* _TASK DESCRIPTION_: How many lines below contain the string "Unisex"? Reply with the figure and no further words.

* _SUPPLIED INFORMATION_:
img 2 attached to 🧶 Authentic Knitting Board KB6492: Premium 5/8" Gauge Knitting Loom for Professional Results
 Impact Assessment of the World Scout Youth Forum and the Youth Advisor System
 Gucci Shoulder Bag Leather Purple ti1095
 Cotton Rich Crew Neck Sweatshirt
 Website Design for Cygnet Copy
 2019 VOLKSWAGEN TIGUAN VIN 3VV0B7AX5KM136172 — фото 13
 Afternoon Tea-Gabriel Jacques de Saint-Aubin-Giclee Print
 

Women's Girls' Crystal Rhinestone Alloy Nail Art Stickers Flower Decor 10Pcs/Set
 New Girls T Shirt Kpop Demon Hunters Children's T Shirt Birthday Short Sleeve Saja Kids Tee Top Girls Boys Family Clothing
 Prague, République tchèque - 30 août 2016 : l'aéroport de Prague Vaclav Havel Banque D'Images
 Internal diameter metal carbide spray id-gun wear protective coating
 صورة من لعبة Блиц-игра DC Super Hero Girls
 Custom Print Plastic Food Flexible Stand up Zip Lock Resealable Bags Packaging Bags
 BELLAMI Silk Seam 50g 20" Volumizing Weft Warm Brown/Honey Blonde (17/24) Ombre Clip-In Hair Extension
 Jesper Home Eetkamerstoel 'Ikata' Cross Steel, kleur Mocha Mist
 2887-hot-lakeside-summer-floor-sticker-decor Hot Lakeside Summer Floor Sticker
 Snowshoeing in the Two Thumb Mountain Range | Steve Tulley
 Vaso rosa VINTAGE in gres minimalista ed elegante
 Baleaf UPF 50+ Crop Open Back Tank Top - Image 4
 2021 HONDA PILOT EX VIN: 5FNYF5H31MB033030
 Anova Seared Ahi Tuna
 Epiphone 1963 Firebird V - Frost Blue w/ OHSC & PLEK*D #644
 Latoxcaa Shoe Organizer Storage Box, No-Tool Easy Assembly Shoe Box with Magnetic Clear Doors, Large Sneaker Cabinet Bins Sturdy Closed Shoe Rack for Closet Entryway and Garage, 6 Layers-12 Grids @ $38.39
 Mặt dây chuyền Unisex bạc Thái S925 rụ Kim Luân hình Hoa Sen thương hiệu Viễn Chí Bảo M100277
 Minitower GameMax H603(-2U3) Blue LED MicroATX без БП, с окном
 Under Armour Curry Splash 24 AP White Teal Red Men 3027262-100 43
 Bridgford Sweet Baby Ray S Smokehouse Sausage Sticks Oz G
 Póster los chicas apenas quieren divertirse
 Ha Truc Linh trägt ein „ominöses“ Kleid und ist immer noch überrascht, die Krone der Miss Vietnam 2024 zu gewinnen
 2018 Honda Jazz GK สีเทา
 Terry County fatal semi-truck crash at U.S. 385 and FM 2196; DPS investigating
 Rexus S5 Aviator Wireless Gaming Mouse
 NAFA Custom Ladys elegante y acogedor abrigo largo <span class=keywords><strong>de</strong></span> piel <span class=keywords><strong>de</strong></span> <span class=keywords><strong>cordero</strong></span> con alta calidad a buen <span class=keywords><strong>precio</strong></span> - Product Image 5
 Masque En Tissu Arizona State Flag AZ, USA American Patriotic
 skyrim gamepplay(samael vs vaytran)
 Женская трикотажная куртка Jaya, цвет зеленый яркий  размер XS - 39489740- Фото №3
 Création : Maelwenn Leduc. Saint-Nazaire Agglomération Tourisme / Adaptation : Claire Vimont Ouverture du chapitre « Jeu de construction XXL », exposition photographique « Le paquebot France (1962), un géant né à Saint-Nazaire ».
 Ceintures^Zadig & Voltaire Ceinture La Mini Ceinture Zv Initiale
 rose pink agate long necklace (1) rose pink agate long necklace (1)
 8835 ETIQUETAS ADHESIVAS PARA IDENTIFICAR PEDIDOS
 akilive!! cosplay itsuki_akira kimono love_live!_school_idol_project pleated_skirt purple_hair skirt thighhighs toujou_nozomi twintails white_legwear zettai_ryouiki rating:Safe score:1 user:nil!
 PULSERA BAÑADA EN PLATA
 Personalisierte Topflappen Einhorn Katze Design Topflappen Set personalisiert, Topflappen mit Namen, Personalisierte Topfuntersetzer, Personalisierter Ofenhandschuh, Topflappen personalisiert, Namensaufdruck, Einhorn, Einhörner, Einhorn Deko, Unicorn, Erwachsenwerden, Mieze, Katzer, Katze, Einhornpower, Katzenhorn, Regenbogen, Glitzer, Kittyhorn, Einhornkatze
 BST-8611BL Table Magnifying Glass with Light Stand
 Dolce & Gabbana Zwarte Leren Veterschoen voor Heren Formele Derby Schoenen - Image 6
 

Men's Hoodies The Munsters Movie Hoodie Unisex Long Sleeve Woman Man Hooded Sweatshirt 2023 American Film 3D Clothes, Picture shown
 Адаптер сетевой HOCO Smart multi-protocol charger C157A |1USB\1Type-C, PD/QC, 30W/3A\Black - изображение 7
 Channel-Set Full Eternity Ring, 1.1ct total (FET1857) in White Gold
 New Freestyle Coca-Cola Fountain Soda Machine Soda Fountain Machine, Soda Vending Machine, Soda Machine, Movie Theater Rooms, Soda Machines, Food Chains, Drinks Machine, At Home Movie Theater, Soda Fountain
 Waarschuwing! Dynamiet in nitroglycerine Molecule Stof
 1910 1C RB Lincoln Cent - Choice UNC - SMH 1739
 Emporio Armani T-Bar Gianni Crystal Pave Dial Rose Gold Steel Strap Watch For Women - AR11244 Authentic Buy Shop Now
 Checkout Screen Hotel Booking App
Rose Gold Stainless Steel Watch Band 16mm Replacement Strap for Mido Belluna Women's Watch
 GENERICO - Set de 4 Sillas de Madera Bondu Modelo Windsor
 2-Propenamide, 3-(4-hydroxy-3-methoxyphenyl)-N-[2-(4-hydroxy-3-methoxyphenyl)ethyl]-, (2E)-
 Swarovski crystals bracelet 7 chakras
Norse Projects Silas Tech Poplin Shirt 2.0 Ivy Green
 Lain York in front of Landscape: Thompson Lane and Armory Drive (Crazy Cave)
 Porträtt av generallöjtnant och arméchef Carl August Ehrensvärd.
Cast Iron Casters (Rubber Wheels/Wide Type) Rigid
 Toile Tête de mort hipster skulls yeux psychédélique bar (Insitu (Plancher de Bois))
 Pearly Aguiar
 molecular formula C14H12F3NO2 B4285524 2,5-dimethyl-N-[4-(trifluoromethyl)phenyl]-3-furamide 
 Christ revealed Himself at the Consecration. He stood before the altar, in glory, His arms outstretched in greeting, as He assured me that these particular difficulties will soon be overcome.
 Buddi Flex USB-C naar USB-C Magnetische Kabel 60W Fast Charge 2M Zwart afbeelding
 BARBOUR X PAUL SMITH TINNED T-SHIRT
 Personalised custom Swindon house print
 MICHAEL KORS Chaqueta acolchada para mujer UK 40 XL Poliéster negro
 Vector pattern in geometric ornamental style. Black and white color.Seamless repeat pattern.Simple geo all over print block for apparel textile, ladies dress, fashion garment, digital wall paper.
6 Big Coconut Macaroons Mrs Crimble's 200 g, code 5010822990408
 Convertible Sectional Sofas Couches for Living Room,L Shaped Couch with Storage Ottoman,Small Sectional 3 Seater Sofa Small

* _SOLVED PROBLEM_: 2